‘Two households, both alike in dignity’ is famously the opening line of Romeo & Juliet. How alike houses Montague and Capulet actually are is debatable, but what is clear is that plants with two households can be very different. Plants? Two households? What? Well, around 6% of plant species are dioecious (from the Greek for two houses or two households). This is to say that ‘male’ and ‘female’ sexual organs are split between different individuals, and there are therefore separate male and female plants. The comparative rarity of this in plants is in stark contrast to animals, the vast majority of which are dioecious. An often-recorded property of dioecious organisms is sexual dimorphism, meaning differences in physical characteristics of different sexes. In plants, sexual dimorphism manifests particularly in differences between the flowers of male vs. female individuals. Characteristics of male and female flowers in dioecious plant species are also known to vary with time across a flowering season. Combined understanding of how differences between sexes may vary over time is much less certain, but this may be important for ensuring successful reproduction in dioecious plant species. In their recent paper in Annals of Botany, Moquet and colleagues investigate variation over time of sexual dimorphism using the dioecious plant species Silene dioica, which is native to Northern and central Europe.

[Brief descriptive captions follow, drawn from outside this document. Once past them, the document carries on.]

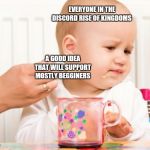 Disgusted Baby | EVERYONE IN THE DISCORD RISE OF KINGDOMS; A GOOD IDEA THAT WILL SUPPORT MOSTLY BEGGINERS | image tagged in disgusted baby | made w/ Imgflip meme maker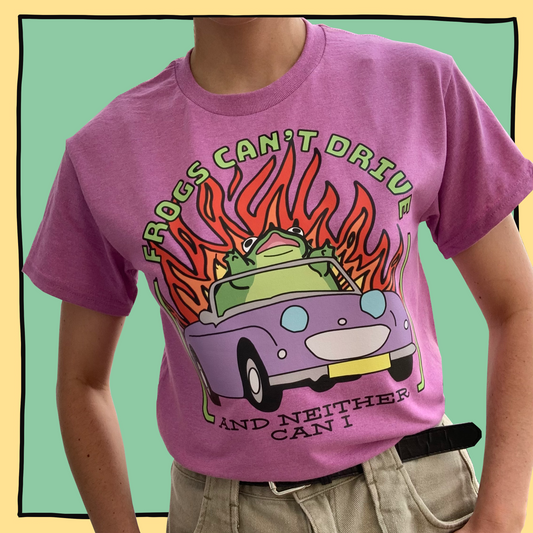 Frogs Can't Drive and Neither Can I- Frog Shirt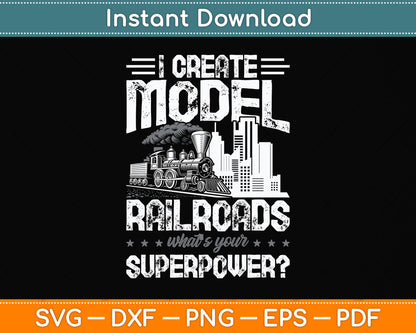 I Create Model Railroad Model Train Lover Railroad Svg Png Dxf Digital Cutting File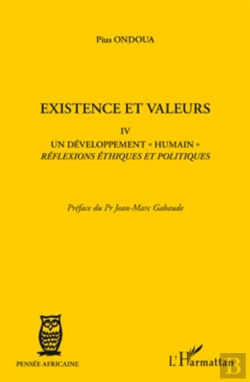 Bertrand.pt - Existence Et Valeurs Tome 4 ; Un Développement 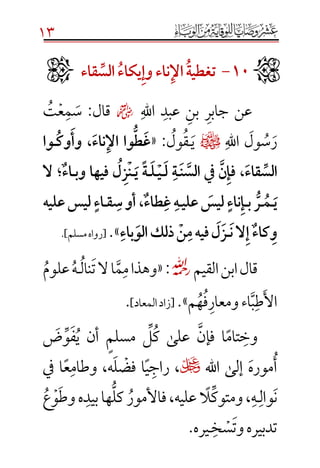 13
10َ-َََ‫تغطية‬َََ‫اإل‬َ‫ناءَوإ‬َ‫يكاء‬َََِّ‫الس‬َ‫ء‬‫قا‬َ
‫اهلل‬ ‫عبد‬ ‫بن‬ ‫جابر‬ ‫عن‬☻‫قال‬:‫ت‬‫ع‬‫م‬‫س‬
‫اهلل‬ ‫ول‬‫س‬‫ر‬¤‫ي‬‫ـ‬‫ول‬‫ق‬:«َ‫ناء‬‫واَاإل‬ُّ‫ط‬‫غ‬َ،ََ‫وك‬‫وأ‬َ‫ـ‬ََ‫وا‬
َ‫قاء‬ ِّ‫الس‬َ،ََ‫يف‬َ‫ن‬‫فإ‬ََ‫ن‬‫الس‬َ‫ـ‬َ‫َل‬‫ة‬َ‫ـ‬َ‫ي‬َ‫ـ‬َ‫ل‬َ‫ـ‬َ‫ًَي‬‫ة‬َ‫ـ‬َ‫ب‬‫َفيهاَو‬‫ل‬‫ز‬‫ن‬َ‫ـ‬ٌَ‫ء‬‫ا‬َ‫؛‬ََ‫ال‬ََ
َ‫ي‬َ‫ـ‬َ‫م‬َ‫ـ‬َ‫ب‬َ ُّ‫ر‬َ‫ـ‬َ‫ي‬‫َعل‬‫َليس‬ٍ‫ناء‬‫إ‬َ‫ـ‬َ‫ط‬‫َغ‬‫ه‬َ‫ا‬ٌَ‫ء‬َ،َََ‫ق‬‫أوَس‬َ‫ـ‬ََ‫َليسَعليه‬ٍ‫اء‬
َ‫الَن‬‫َإ‬ٌ‫ء‬‫كا‬‫و‬َ‫ـ‬َ‫باء‬‫َذلكَالو‬‫ن‬‫َفيهَم‬‫ل‬‫ز‬.»[‫مسلم‬‫رواه‬.]
‫القيم‬‫ابن‬‫قال‬☼:«‫م‬‫وهذا‬‫م‬‫ت‬‫ال‬‫ا‬‫نال‬‫ـ‬‫ه‬‫علوم‬
‫األ‬‫ط‬‫ب‬‫ومعار‬‫اء‬‫ف‬‫ه‬‫م‬».]‫المعاد‬‫[زاد‬.
‫ا‬‫تام‬‫وخ‬‫فإن‬‫مسلم‬ ‫ل‬‫ك‬ ‫على‬‫ي‬ ‫أن‬‫ف‬‫و‬‫ض‬
‫موره‬‫أ‬‫اهلل‬ ‫إلى‬‫راج‬ ،‫ي‬‫ا‬،‫ه‬‫ل‬‫فض‬‫وطام‬‫ع‬‫يف‬ ‫ا‬
‫ـه‬‫وال‬‫ن‬،‫ال‬‫ومتوك‬‫فاألمور‬،‫عليه‬‫بيد‬‫ها‬‫كل‬‫وط‬‫ه‬‫و‬‫ع‬
‫وت‬‫تدبيره‬‫س‬‫خ‬‫ـ‬‫يره‬.

 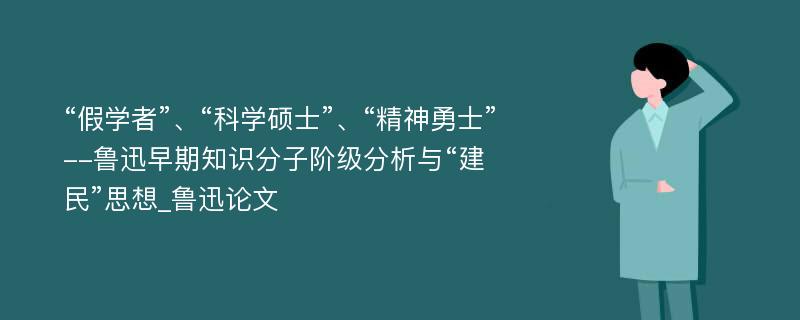 “假学者”、“科学硕士”、“精神勇士”--鲁迅早期知识分子阶级分析与“建民”思想_鲁迅论文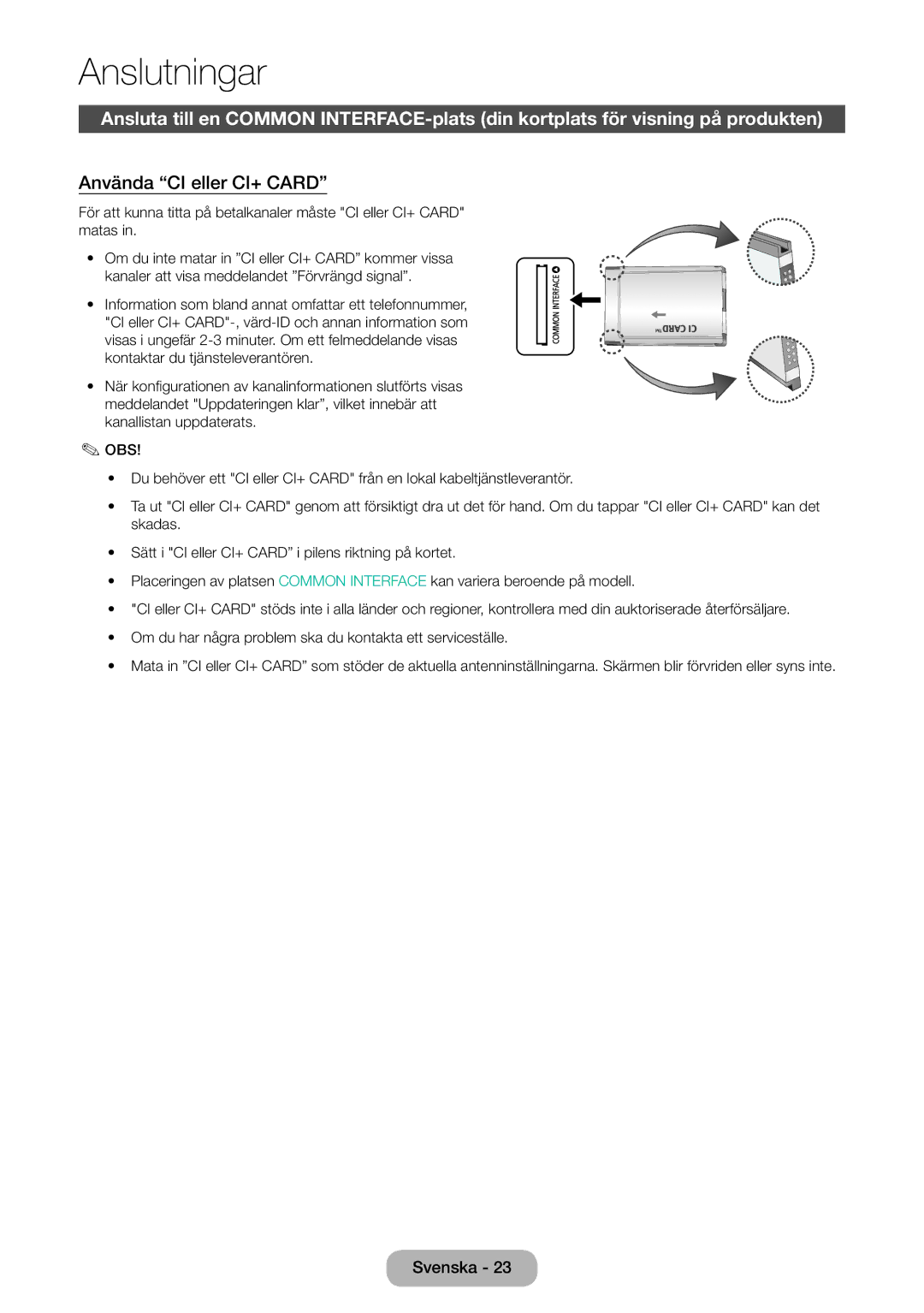 Samsung LT22D390EX/XE, LT22D390EW/XE, LT24D391EX/XE, LT27D590EW/XE, LT27D390EX/XE, LT24D590EW/XE Använda CI eller CI+ Card 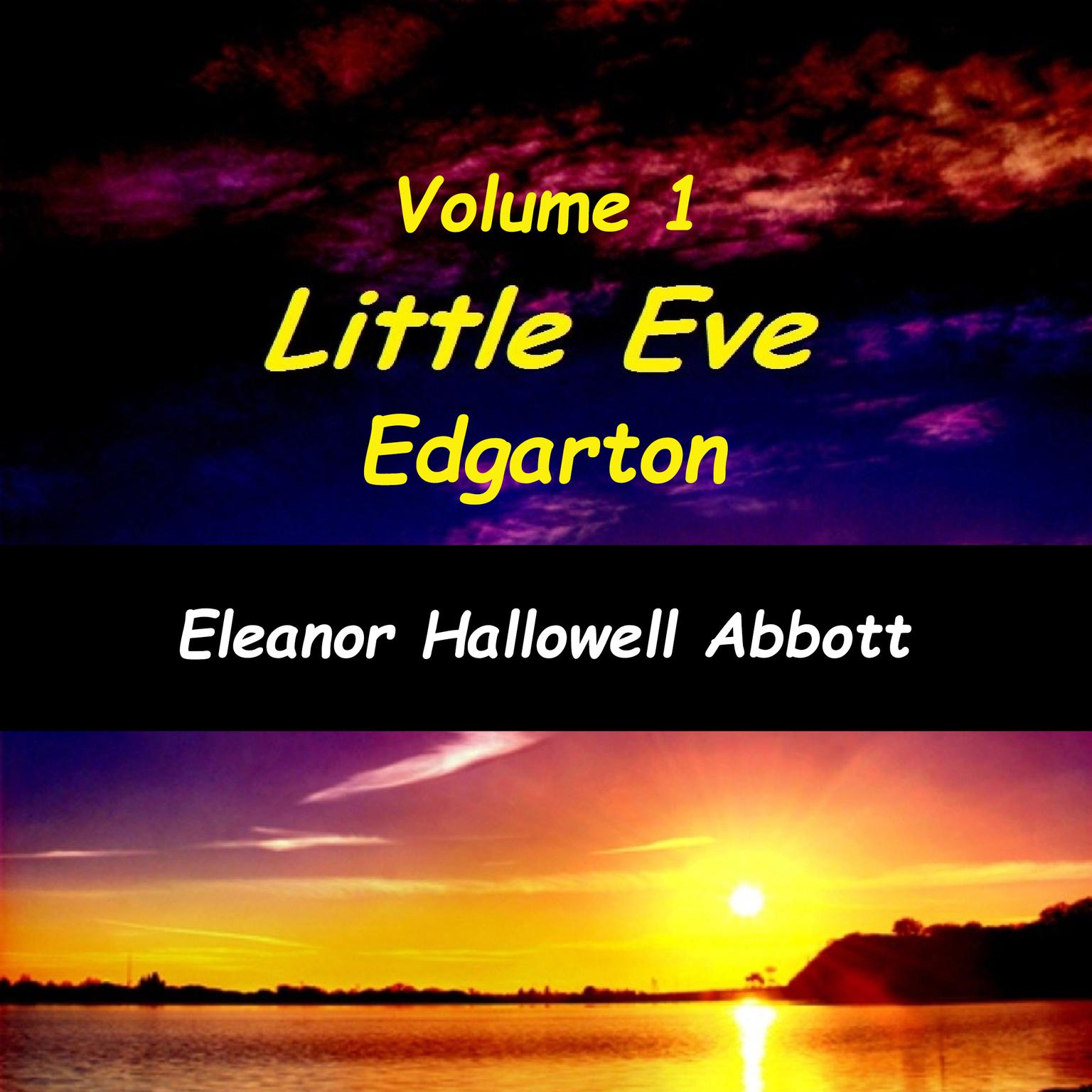 Little Eve Edgarton Volume 1 (Abridged) Audiobook, by Eleanor Hallowell Abbott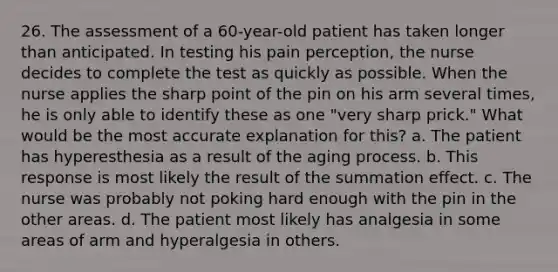 26. The assessment of a 60-year-old patient has taken longer than anticipated. In testing his pain perception, the nurse decides to complete the test as quickly as possible. When the nurse applies the sharp point of the pin on his arm several times, he is only able to identify these as one "very sharp prick." What would be the most accurate explanation for this? a. The patient has hyperesthesia as a result of the aging process. b. This response is most likely the result of the summation effect. c. The nurse was probably not poking hard enough with the pin in the other areas. d. The patient most likely has analgesia in some areas of arm and hyperalgesia in others.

Moquet and colleagues measured various features of S.dioica flowers and how these varied with time across two flowering seasons. Male plants consistently had a higher number of flowers compared to female plants, but the number of flowers varied with time substantially more in male plants than in female plants. Female plants had a consistent low number of flowers across the flowering season, whilst male plants had a peak in flower number in the middle of the flowering season (April to June/July). Exactly why this happens is not clear. However, the authors speculate that is likely has something to do with interaction of male flowers with pollinating insects. All measured flower size dimensions were significantly larger for males than for females, but the authors also note that there was large variation in floral dimensions within both males and females. Flower size dimensions were also larger in both males and females earlier in the growing season. From this, the authors speculate that plants likely divert resources away from producing new flowers later in the growing season to supporting seed development in earlier flowers, resulting in decreased flower size as the season progresses.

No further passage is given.